Task details: For the listing below, print exactly the lines from the line with "Zwingelstraat 11 Dinteloord thumbnail 15" to the line with "Encuentran enorme boa", both included, and nothing beyond them.

Provided records:

---------------

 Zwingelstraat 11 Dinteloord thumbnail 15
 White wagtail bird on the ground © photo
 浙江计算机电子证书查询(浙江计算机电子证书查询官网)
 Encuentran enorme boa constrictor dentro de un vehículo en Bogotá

---------------

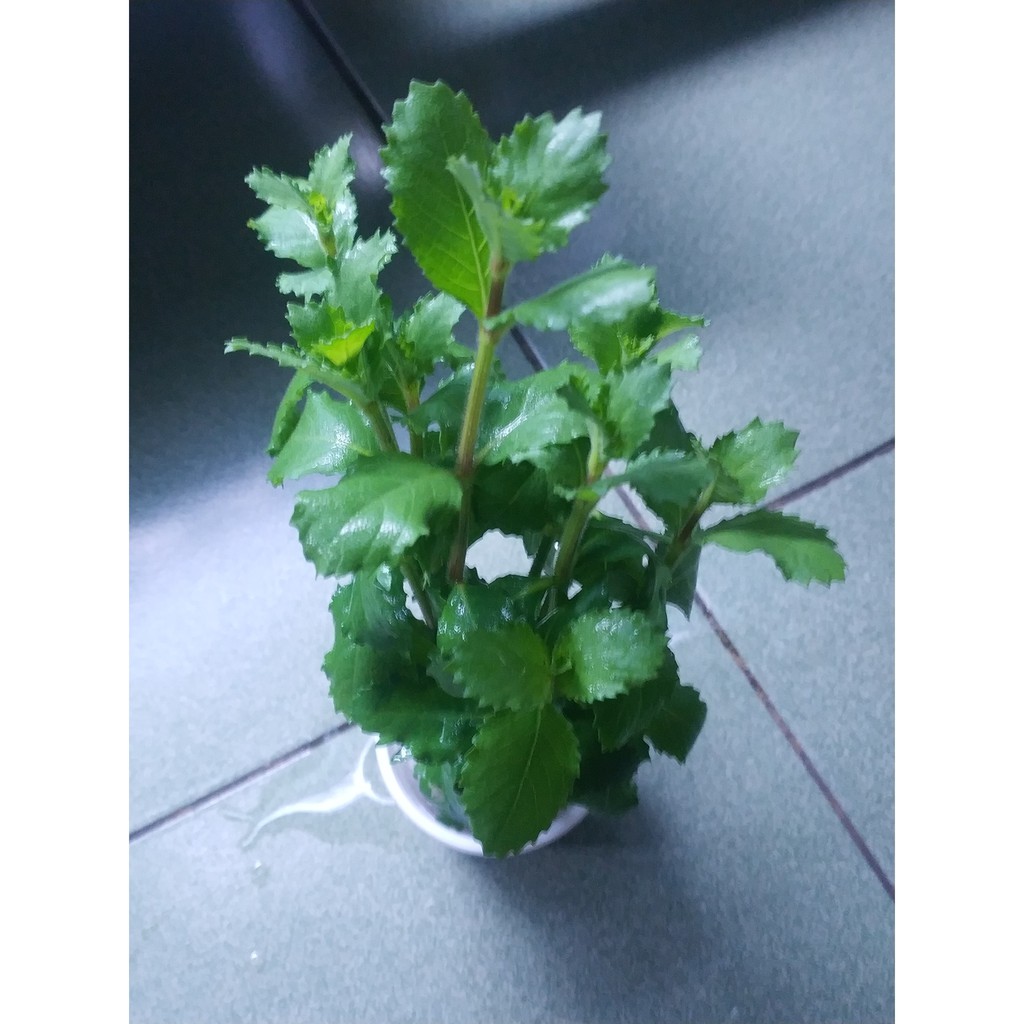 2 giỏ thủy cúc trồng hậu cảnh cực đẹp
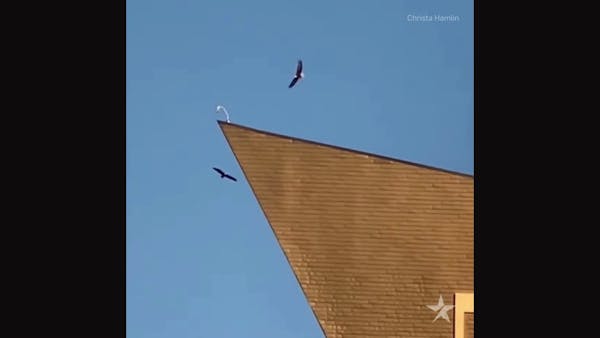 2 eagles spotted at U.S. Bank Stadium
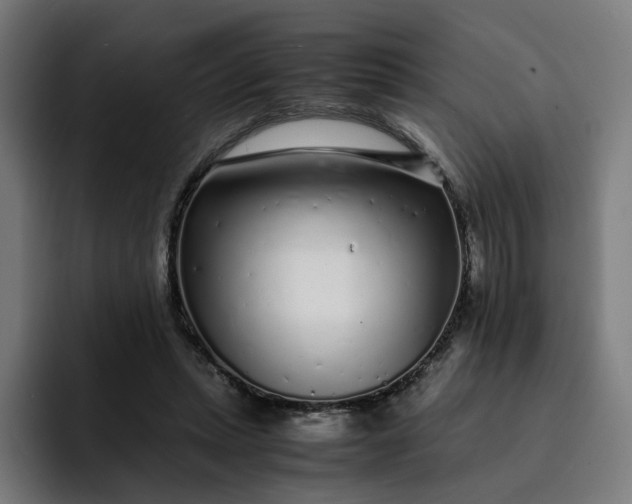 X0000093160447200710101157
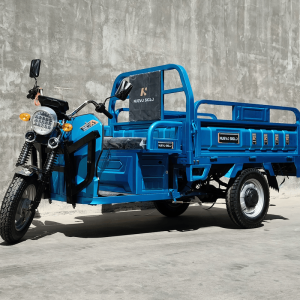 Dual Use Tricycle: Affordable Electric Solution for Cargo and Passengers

---------------

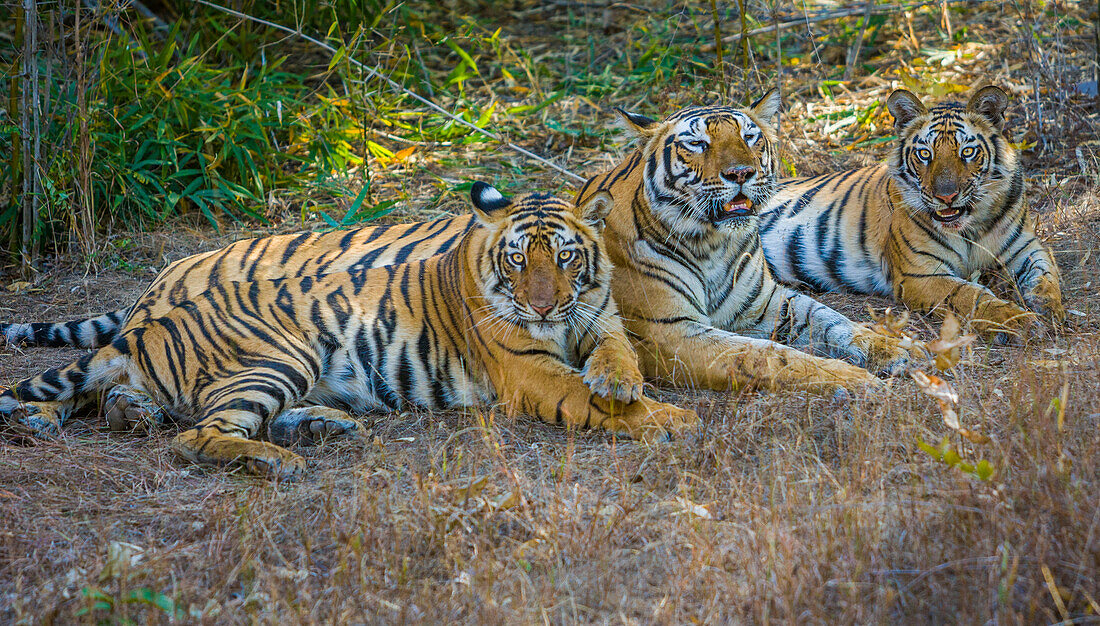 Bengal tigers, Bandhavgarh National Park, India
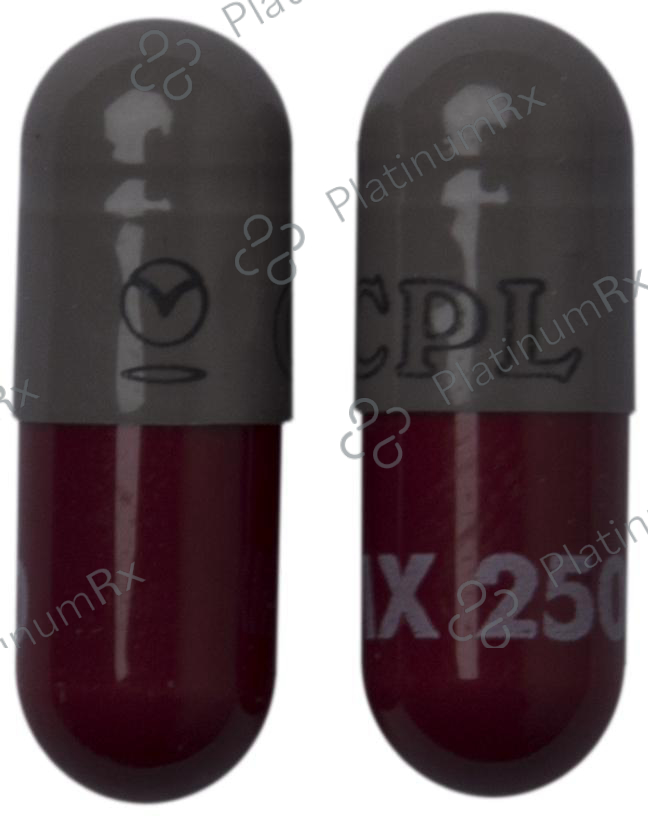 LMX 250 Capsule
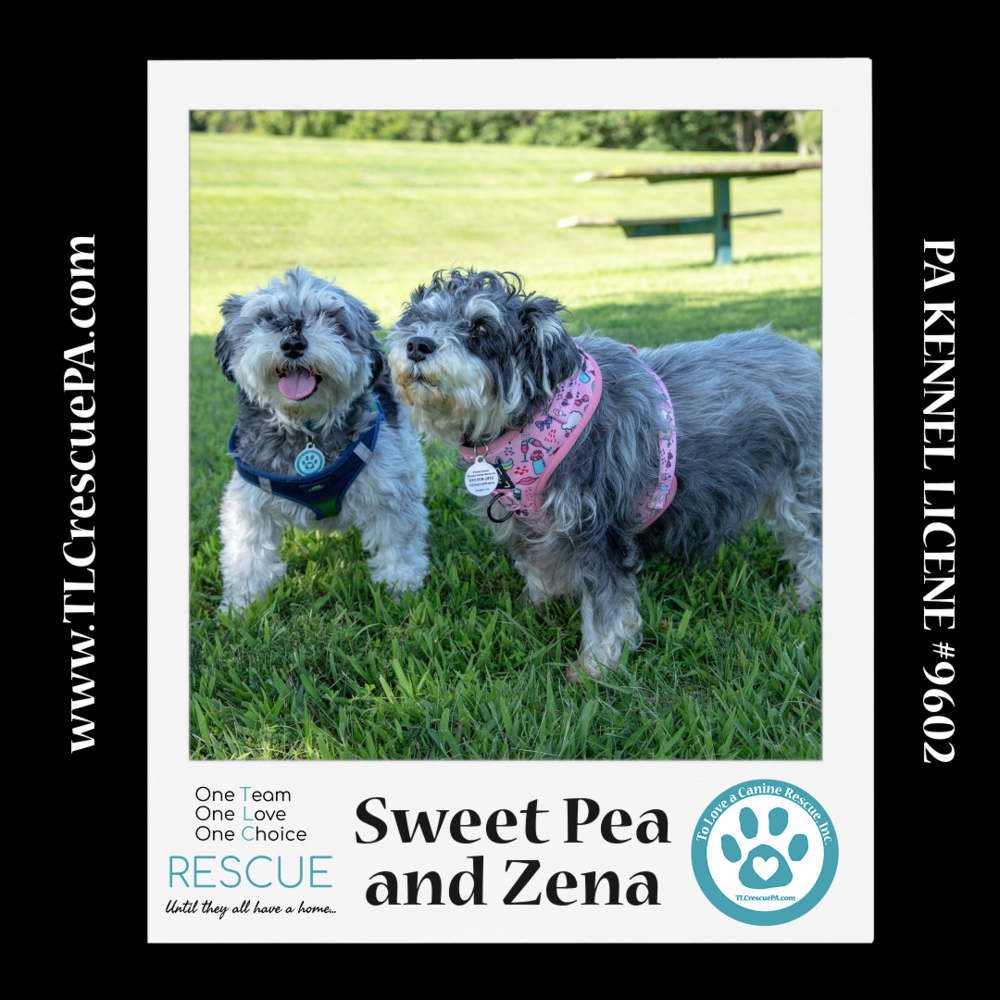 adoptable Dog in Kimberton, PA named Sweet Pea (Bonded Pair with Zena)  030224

---------------

Answer to the problem:
 Zwingelstraat 11 Dinteloord thumbnail 15
 White wagtail bird on the ground © photo
 浙江计算机电子证书查询(浙江计算机电子证书查询官网)
 Encuentran enorme boa constrictor dentro de un vehículo en Bogotá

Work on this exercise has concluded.